> **TASK TO CARRY OUT**
Repeat exactly the lines of the entries below from the one with "Fashion Storm Makeup" through the one with "MARILYN MANSON - Antichrist", both ends included, and nothing else.
"""
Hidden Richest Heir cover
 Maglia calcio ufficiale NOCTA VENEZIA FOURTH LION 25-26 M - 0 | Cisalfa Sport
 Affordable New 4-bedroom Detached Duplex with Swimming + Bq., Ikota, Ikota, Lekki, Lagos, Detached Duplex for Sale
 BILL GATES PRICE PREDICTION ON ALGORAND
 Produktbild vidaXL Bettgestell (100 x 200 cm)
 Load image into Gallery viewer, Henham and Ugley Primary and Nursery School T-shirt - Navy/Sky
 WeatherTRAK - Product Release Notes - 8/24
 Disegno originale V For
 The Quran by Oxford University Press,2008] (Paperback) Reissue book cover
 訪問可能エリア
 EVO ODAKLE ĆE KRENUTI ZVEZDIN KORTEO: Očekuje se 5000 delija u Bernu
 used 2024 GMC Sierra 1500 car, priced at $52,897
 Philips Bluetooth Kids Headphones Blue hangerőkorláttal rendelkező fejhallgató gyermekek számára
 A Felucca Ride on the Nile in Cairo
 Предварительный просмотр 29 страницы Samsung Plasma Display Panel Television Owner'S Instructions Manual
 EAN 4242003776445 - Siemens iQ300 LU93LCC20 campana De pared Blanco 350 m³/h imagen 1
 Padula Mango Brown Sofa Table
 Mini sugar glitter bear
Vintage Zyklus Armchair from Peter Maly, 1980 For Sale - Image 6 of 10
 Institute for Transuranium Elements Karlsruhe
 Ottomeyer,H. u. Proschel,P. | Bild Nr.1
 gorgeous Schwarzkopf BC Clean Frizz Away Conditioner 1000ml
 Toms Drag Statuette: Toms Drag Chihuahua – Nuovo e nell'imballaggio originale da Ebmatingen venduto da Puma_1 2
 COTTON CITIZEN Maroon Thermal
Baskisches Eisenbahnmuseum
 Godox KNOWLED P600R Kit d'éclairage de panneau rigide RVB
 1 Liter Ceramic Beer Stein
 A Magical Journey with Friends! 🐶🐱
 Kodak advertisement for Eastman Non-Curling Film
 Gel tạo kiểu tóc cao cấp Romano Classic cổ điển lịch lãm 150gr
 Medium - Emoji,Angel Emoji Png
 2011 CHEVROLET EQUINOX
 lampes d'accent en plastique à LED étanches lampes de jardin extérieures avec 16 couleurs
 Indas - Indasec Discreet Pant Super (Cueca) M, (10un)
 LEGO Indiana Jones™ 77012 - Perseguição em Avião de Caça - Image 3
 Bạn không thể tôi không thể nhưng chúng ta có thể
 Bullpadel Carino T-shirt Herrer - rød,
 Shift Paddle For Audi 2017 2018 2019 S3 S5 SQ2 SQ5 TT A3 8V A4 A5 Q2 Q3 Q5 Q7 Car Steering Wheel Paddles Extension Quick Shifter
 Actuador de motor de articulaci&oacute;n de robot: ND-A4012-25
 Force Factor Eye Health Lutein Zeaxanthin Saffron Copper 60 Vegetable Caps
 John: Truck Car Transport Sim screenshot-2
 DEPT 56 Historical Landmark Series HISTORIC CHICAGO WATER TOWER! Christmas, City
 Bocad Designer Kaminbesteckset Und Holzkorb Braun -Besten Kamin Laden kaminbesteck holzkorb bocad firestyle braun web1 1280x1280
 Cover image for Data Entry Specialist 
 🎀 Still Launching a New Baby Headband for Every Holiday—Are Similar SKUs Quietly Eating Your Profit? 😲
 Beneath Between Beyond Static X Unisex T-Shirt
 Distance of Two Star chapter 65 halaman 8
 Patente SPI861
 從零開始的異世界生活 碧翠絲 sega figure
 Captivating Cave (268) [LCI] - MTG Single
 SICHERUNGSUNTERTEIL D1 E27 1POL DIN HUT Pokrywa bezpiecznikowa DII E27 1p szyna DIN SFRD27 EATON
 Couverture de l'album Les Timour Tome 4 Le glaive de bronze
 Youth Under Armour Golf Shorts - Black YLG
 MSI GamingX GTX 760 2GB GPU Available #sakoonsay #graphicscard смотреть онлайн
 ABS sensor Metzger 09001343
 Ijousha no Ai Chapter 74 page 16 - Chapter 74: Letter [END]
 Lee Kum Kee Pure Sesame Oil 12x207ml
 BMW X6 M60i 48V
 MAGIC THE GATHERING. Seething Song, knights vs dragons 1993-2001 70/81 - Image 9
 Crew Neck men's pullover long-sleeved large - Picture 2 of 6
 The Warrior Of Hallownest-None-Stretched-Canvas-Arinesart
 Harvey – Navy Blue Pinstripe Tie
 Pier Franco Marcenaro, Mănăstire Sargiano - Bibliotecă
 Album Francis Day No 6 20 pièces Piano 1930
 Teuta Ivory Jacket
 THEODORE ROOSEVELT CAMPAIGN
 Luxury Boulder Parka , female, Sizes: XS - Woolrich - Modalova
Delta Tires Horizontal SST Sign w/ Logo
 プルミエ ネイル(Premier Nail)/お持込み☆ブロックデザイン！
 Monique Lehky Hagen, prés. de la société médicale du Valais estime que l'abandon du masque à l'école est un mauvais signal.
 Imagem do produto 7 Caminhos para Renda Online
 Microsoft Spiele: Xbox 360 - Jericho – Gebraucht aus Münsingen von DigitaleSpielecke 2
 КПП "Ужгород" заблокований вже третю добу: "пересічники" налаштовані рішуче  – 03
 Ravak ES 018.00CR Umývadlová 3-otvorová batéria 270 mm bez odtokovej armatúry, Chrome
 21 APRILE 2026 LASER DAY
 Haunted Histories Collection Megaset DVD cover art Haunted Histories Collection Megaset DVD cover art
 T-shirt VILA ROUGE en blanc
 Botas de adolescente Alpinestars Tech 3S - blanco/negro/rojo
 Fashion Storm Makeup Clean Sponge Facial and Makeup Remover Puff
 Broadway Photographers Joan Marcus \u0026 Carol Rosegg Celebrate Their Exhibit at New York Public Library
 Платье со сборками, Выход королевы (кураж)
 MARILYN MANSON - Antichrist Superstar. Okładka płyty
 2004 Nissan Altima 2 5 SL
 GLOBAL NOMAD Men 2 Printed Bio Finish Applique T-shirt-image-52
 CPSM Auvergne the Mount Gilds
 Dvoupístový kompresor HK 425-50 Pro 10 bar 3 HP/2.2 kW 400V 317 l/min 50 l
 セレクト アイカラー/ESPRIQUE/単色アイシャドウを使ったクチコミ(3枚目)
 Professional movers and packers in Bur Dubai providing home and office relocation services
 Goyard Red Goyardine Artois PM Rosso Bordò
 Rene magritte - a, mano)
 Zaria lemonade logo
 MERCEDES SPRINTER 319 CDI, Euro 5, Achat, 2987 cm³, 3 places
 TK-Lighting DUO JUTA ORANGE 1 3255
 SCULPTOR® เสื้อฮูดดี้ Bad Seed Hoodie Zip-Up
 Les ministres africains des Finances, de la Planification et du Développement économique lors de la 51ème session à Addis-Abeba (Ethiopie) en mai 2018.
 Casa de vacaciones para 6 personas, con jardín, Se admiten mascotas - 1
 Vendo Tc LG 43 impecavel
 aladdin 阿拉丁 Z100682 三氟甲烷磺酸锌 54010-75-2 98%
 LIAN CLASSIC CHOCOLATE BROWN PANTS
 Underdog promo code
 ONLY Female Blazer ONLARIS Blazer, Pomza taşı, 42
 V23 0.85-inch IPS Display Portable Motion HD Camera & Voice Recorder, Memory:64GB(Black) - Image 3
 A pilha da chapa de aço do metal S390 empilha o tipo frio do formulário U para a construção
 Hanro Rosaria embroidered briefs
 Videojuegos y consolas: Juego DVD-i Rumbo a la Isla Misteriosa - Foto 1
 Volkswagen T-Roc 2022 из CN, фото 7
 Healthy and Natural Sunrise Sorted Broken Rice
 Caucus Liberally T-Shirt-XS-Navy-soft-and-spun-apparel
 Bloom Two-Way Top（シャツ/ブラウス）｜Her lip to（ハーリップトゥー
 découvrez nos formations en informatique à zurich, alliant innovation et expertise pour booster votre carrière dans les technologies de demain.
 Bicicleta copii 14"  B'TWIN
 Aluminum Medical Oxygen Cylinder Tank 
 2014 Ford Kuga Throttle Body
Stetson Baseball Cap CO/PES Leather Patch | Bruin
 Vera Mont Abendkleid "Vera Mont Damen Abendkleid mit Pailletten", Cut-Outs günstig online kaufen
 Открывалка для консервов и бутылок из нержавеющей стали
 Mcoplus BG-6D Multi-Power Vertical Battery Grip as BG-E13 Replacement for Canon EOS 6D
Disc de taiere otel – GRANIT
"""
> **RESULT OF THIS EXERCISE**
 Fashion Storm Makeup Clean Sponge Facial and Makeup Remover Puff
 Broadway Photographers Joan Marcus \u0026 Carol Rosegg Celebrate Their Exhibit at New York Public Library
 Платье со сборками, Выход королевы (кураж)
 MARILYN MANSON - Antichrist Superstar. Okładka płyty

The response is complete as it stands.